= Wonderly, Kansas =

Historical community in Kansas

Wonderly is a historical community in Saline County, Kansas, US. Located in Liberty Township, it is situated approximately 18 miles from Salina, the county seat. Established as a station on the Missouri Pacific Railroad, Wonderly was part of the rural development in the area during the early 20th century and was recorded as a town from 1888 to 1906.

As of 1910, the community had a population of 20 individuals and received its mail via rural delivery from Bridgeport. Today, the site of the former community is near the GPS coordinates 38.64112760967156, -97.54167425276233.

==History==
Wonderly's origins date back to its establishment as a railroad station on the Missouri Pacific Railroad. It operated as a town from 1888 to 1906 and in the early 20th century, such stations were integral to the economic and social development of rural American communities, often acting as hubs for agricultural commerce.
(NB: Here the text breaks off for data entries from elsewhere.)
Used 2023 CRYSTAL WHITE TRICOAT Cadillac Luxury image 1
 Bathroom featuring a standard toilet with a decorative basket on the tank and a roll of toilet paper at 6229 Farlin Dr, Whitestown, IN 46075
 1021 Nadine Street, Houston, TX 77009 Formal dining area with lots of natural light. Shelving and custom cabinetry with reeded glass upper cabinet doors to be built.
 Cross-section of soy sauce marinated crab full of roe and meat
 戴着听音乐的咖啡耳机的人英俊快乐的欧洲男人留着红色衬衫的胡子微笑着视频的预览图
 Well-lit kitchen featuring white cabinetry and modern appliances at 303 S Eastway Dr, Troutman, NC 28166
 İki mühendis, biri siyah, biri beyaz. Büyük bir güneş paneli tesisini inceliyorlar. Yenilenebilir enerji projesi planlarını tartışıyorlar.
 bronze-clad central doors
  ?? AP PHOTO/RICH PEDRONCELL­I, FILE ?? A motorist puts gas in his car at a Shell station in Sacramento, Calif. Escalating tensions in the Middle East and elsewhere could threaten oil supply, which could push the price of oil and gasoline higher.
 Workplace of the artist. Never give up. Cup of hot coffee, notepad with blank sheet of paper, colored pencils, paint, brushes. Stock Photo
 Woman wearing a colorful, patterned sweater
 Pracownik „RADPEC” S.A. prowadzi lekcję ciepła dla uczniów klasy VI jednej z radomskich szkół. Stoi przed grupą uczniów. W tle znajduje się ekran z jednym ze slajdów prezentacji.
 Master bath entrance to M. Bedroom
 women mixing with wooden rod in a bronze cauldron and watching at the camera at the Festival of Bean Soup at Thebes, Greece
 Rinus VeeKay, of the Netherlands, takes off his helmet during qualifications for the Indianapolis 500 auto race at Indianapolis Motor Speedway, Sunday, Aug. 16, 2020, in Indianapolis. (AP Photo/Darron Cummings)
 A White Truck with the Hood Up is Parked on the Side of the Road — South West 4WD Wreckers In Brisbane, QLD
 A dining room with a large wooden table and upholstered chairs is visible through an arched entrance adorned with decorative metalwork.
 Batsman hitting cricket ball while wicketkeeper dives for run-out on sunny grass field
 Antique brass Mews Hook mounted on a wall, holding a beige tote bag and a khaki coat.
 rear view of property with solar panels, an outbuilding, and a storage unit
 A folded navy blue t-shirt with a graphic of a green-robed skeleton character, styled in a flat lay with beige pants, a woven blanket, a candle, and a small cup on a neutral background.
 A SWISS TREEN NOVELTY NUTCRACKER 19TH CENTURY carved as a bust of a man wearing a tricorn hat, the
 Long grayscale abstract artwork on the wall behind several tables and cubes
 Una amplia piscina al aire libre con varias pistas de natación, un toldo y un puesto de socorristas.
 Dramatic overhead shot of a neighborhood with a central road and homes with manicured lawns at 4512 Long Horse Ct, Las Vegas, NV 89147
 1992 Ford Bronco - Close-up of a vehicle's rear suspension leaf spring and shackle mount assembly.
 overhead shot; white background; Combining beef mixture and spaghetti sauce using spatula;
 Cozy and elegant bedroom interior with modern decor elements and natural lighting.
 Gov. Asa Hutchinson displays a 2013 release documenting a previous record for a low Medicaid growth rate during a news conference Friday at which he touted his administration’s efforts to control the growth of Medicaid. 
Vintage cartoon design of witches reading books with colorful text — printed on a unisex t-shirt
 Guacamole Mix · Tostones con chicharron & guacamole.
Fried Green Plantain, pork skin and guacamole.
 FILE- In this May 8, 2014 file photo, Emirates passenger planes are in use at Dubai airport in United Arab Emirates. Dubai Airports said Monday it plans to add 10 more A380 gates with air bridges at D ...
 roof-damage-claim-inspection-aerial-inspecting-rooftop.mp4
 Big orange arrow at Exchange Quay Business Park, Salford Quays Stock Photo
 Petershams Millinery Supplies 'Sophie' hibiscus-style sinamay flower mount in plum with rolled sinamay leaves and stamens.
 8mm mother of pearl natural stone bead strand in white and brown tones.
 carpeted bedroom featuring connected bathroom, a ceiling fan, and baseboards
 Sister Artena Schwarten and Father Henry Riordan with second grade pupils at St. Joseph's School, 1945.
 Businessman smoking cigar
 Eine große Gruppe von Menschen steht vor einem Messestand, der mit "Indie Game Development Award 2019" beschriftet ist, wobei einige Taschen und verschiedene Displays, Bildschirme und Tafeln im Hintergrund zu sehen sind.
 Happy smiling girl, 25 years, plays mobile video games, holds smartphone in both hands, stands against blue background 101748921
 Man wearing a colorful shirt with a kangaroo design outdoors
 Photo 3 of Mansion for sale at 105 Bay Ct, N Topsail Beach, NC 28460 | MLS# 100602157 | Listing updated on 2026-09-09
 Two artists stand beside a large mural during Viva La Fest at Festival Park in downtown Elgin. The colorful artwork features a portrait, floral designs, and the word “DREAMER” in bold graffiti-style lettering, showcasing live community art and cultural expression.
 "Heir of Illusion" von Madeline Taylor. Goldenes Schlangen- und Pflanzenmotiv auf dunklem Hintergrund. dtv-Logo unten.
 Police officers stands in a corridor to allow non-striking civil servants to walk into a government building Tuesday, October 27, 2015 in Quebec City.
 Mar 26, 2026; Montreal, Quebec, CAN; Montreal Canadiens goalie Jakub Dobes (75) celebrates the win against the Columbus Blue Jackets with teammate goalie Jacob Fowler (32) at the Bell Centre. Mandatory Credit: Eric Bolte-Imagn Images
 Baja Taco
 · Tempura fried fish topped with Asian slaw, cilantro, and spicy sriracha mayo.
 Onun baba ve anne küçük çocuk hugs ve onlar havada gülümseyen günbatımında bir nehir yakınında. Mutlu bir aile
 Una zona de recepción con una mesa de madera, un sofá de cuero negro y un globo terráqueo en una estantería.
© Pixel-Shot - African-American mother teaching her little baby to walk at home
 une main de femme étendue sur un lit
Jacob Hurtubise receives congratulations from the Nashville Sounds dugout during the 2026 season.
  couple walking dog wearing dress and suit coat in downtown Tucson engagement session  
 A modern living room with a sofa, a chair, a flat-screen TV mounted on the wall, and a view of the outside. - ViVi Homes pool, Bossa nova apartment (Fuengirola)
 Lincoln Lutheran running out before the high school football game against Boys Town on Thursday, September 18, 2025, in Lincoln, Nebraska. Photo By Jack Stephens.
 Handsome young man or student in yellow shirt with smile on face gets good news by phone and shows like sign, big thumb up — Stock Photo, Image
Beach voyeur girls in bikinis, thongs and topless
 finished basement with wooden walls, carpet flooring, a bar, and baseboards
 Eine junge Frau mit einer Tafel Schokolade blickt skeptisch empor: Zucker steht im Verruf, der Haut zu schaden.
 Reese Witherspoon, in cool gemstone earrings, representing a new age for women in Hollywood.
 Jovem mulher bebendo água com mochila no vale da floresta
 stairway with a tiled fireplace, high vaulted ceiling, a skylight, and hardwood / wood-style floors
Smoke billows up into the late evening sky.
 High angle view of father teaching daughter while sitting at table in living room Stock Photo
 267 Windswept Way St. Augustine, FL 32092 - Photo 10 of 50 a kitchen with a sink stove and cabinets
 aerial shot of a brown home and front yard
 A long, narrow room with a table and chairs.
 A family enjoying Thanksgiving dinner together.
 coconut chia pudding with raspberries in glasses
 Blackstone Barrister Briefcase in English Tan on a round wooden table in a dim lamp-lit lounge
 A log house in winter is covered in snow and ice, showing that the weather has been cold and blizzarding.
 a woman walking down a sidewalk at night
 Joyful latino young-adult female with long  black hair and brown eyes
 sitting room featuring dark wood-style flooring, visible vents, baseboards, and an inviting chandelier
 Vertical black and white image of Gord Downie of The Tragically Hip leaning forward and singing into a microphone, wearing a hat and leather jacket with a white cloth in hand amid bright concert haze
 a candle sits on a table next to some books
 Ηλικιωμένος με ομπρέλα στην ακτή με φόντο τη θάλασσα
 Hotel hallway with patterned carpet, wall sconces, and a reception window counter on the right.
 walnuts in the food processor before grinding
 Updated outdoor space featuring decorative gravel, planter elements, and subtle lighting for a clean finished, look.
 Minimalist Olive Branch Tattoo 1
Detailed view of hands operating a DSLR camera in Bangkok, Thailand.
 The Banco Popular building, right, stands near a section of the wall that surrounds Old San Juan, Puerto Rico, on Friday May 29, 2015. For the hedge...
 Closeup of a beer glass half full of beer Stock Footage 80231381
The mention of Hallville Station on historical maps corroborates the existence of a railroad community at the site of present-day Wonderly.

==Demographics==
In 1910, Wonderly was recorded to have a population of 20. Information about the demographics of the community during its period of activity is limited to historical records from the era.

==Geography==
Wonderly was located in Liberty Township, Saline County, Kansas, with the given coordinates marking its historical location.